Out of this human patch-work of Jews, Arabs, Armenians, Kalmucks, Persians, Crusaders, Tartars, Indians, Ethiopians, Egyptians, Sudanese, Turks, Mongols, Romans, Kharmazians, Greeks, pilgrims, wanderers, ne’er-do-wells and adventurers, invaders, slaves … was formed that hodge-podge of blood and mentality we call today “Levantine.” …
In the fourteenth century, drought caused the immigration into Palestine of eighteen thousand “tents” of Yurate Tartars from the Euphrates. Soon followed twenty thousand Ashiri under Gaza, and four thousand Mongols under Moulai, who occupied the Jordan Valley and settled from Jerusalem south. Kaisaite and Yemenite tribes followed in their trail. …
In 1830 the Albanian conqueror Mehemet [Muhammad] Ali colonized Jaffa, Nablus, and Beisan with Egyptian soldiers and their Sudanese allies. Fourteen years later, Lynch estimated the thirteen thousand inhabitants of Jaffa to be composed of eight thousand Turco-Egyptians, four thousand Greeks and Armenians, and one thousand Jews and Maronites. He did not consider that there were any Arabs at all in that city.[9]
Ziff continues:
One hundred years ago, [Jaffa] had a population of four thousand. Today it holds seventy thousand, overwhelmingly Arab, who are largely descendants of the Egyptians and Ethiopians brought in by the conqueror Ibrahim Pasha [Muhammad Ali’s son]. The few thousand Jews who lived here fled during the 1936 riots, abandoning their shops and property.[10]
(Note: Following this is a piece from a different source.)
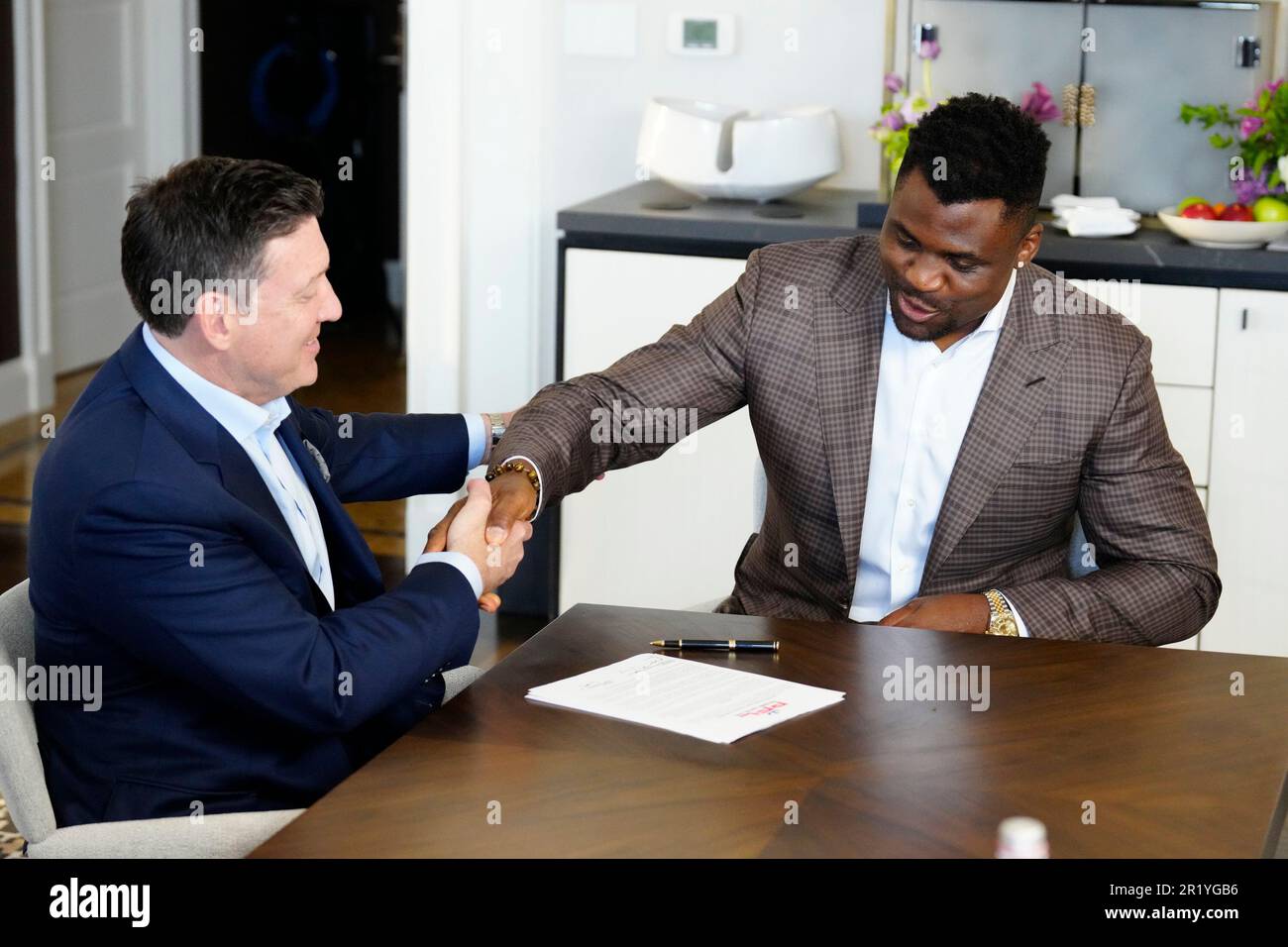 Los Angeles, California, Stati Uniti. 11th maggio, 2023. Los Angeles, CA - Maggio 16: (L-R) Peter Murray, CEO di PFL e Francis Ngannou firmano il nuovo contratto alla Professional Fighters League - Firma del contratto a Beverly Wilshire, A Four Seasons Hotel il 11 Maggio 2023 a Los Angeles, CA (Foto di Louis Grasse/PFL/PX Images) Credit: PX Images/Alamy Live News Foto Stock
Arabs Attracted to Jewish Settled Areas
Ziff reports that Jews invested large sums of money to “facilitate” Jewish immigration and encourage Jewish settlement in Palestine:
The amount of Jewish capital invested in this tiny land is estimated to total more than £120,000,000. Prior to the recent riots, Jews were bringing in money at the rate of two to five million dollars a month. In 1934 alone, they are estimated to have invested approximately £10,000,000 in Palestine. Today the productive output of the Jewish community is placed at £20,000,000 annually.[11]
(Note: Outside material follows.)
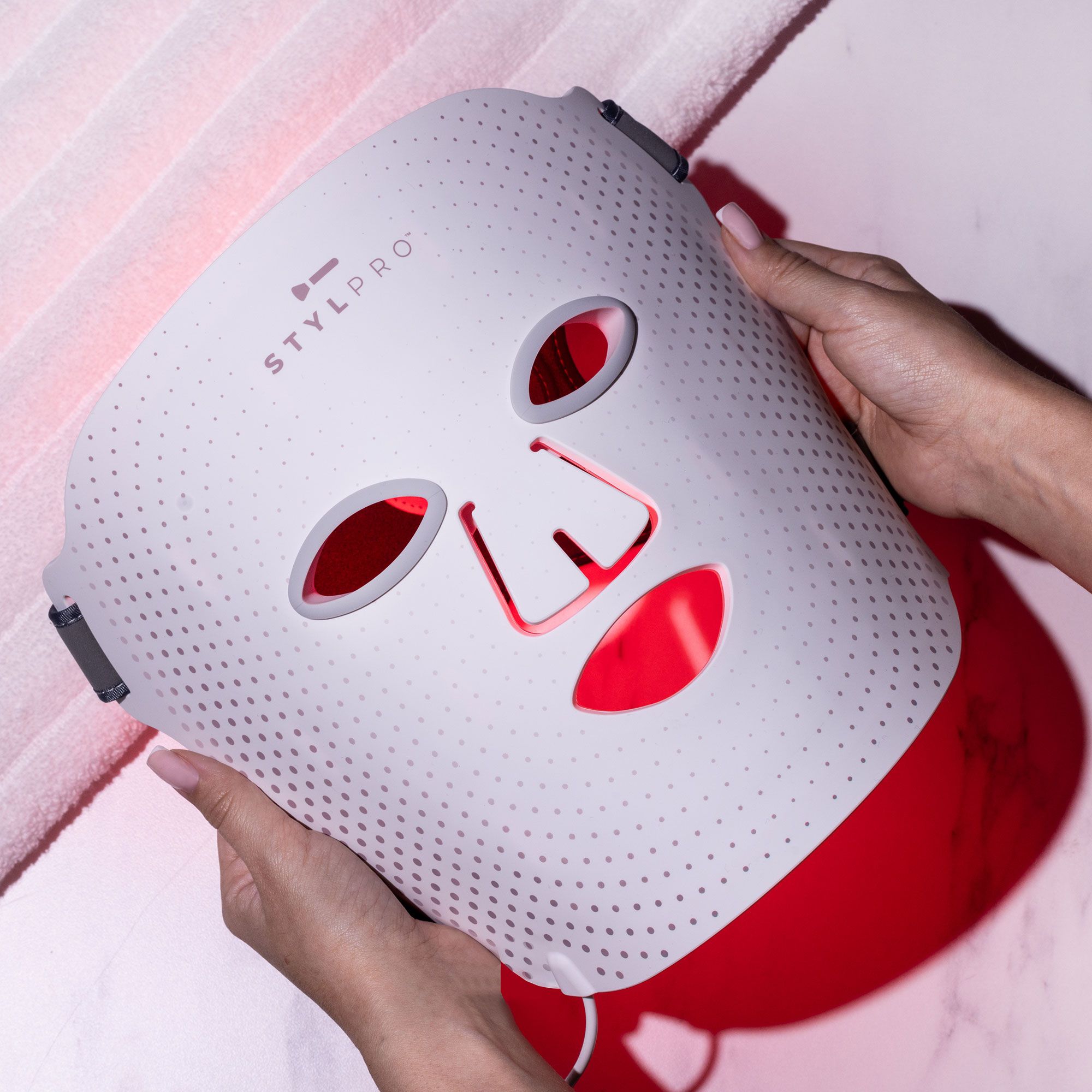 Stylpro
Wavelenght maschera
LED per la cura
del viso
All the authors mentioned above refer to the Arabs as being attracted by Jewish economic activity to their settled areas. Ziff describes this pattern:
Not until the Zionists had arrived in numbers did the Arab population begin to augment itself. The introduction of European standards of wage and life acted like a magnet on the entire Near East. Abruptly, Palestine became an Arab center of attraction. By 1922, after a quarter century of Jewish colonization, their numbers mushroomed to 488,000. Today they are over a million.
If the English contention were accurate, we should expect to find an exodus of Arabs from areas where Jews are settled into purely Arab regions. But exactly the opposite is true: It is precisely in the vicinity of these Jewish villages that Arab development is most marked. Arab Haifa, profiting by the Zionist boom, grew from 1922 to 1936 by 130%, Jaffa by 80%, and Jerusalem by 55%. The Arab rural settlement in the Tel Aviv district increased by over 135%. The all-Arab city of Nablus, which held 33,000 before the war, has fallen to less than 12,000. Safed which had 20,000, dropped to less than 9,000.[12]
Lack of Jobs for Jews
Palestine skyrocketed along on the most insane economy modern industry has ever seen. |
Ziff elaborates on Jewish efforts, both from within and from abroad, to create more jobs for those Jews emigrating to Palestine as well as those already living there. These efforts spurred significant economic growth and consequently accomplished the goal of providing employment. However, British policy resulted in a stream into Palestine of illegal Arab immigrants who filled these jobs in lieu of the barred Jews. (All of the above-mentioned modern authors also address the influx of Arabs lured by the booming economy.)
With feverish energy and determination, the [Jewish] newcomers applied their money and experience, hoping to create opportunities for their poverty-stricken brothers in Europe to join them in building the new nation. Factories and enterprises of all kinds were started. The result was a critical scarcity of labor in which the entire economy of the country went lunatic. Workers were drained out of the farms to take the more lucrative position in the cities. In the towns, the same process repeated itself in favor of the “boom trades,” which could afford to pay wages far out of line with those of normal occupations. Employer competed desperately with employer for the available labor supply. Industries had to curtail their activities; factories shut down altogether. Palestine skyrocketed along on the most insane economy modern industry has ever seen.
The condition is partially glimpsed in a semi-official report of August 27, 1934, admitting that the entire Palestine export trade was at a standstill due to a shortage of labor. Two-thirds of the workers on Jewish land, says the report, are now Arabs, “and those Jews remaining will soon be displaced due to labor scarcity.” The problem became so acute that populations of whole districts, including school children, had to be mobilized to keep crops from rotting in the fields. While anxious Jews were being turned away at the docks of Jaffa and Haifa, the Nesher Cement Works, engaged in a £150,000 expansion in Haifa, announced November 16, 1933, that it was unable to proceed due to “acute scarcity of labor.” In Tel Aviv, £1,000,000 worth of building had to be held up for the same reason. The story repeated itself everywhere.[13] …
The Zionists have been mercilessly jobbed. They choked and spluttered in amazed exasperation. The incredible posing of “landless Arabs” in a country suffering from a drastic shortage of workers was past understanding. So, too, was the Commission’s demand that Jewish capitalists be forced to put all Arab unemployed to work before another Jew could come in, which meant literally the employment of all the natives of Northeast Africa and Arabia (since these outsiders were already flowing into the country in a steady stream).[14] …
Whole villages in the Hauran have been emptied of their people, who are drifting into Palestine. Count De Martel, French high commissioner for Syria, asserted in the summer of 1934 that even Arab merchants were moving from Damascus to Palestine because of the prosperity there; and in 1936, the head of the Moslem Youth Association at Beirut, Jamil Bek Basham, wrote that “there is a penetration into Palestine of an army of Syrian laborers.”[15]